Deniz Gezginci: Ferhat Bey öncelikle Münih’e hoş geldiniz. Avrupa turnesi nasıl geçiyor?
Ferhat Göçer: Sabahattin Ali’nin hayatından kesitlerin sunulduğu müzikli tiyatro oyunumuz “Aldırma Gönül” ile uzun bir yolculuğa çıktık. Yolculuğumuz önce İngiltere’de başladı daha sonra Amerika ve Kanada da devam etti. Ardından da Avrupa turnesi başladı. Şu an Almanya’yı dolaşıyoruz. Oyunumuzu birçok şehirde oynuyoruz ve Münih Almanya’da oynadığımız üçüncü şehrimiz. Turne yorucu ama çok keyifli. Burada Sabahattin Ali’nin hatırasını canlandırmak adına insanlarla buluşmak, onlarla bu şarkıları, bu kitapları, yazıları paylaşmak beni çok mutlu ediyor. Zaten projeyi hazırlarken de idealim buydu. Şu anda bu idealimi gerçekleştirmenin mutluluğunu yaşıyorum.
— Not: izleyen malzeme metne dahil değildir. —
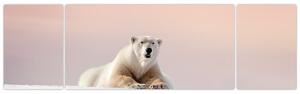 Obraz - Lední medvěd (170x50 cm)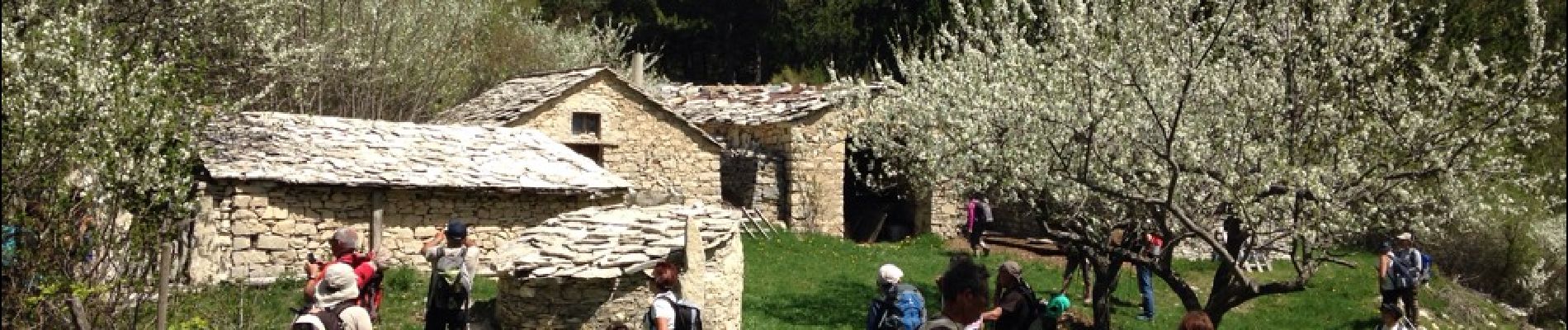 Tour Wandern Saumane - Les Bergeries du Contras - Photo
Deniz Gezginci: Sabahattin Ali’nin hayatını ele alan müzikli oyun proje fikri nasıl ortaya çıktı?
Ferhat Göçer: Yıllardır Sabahattin Ali’nin “Aldırma Gönül”, “Leylim Ley” gibi birçok parçasını sahnede seslendiriyordum. Sabahattin Ali’nin şarkılarından bir albüm teklifi gelince ben bunu biraz daha detaylandırayım istedim. Yönetmen Ezel Akay ile görüştüm. O da projenin yönetmenliğini kabul etti. Sabahattin Ali’nin hayatını canlandırdım. Bir oyunun, bir müzikalin içerisine bu şarkıları yerleştirelim istedik. Ortaya müthiş bir eser çıktı. Öncelikle Ezel Akay ve tüm ekibe teşekkür ederim.
Deniz Gezginci: Sahnede Sabahattin Ali’nin kişiliğine bürünüyorsunuz. Sabahattin Ali için de Almanya çok önemli bir yer. En önemli eserlerini buradan esinlenerek yazmış. Almanya’da bu oyunu oynamak nasıl bir duygu?
Ferhat Göçer: Sabahattin Ali değişimi Almanya’da yaşıyor zaten. Burada Alman yazarları okuyor, buranın sosyal, ekonomik ve ideolojik kültürleriyle, yazarlarıyla tanışıyor. Türkiye’ye buradan aldığı bilgilerle dolu bir şekilde gidiyor ve orada da mücadelesine, yaşamına devam ediyor. Almanya’da bu oyunu oynamak benim için çok anlamlı. Özellikle Berlin’de oynadığım oyun çok farklı ve özeldi.
Deniz Gezginci: Sabahattin Ali’de yıllarca hapislerde yattı, oyunda da belirttiğiniz çok kötü bir şekilde katledildi. Sizce gazetecilerin, yazarların bu sıkıntıları yaşaması bizim coğrafyanın kaderi mi?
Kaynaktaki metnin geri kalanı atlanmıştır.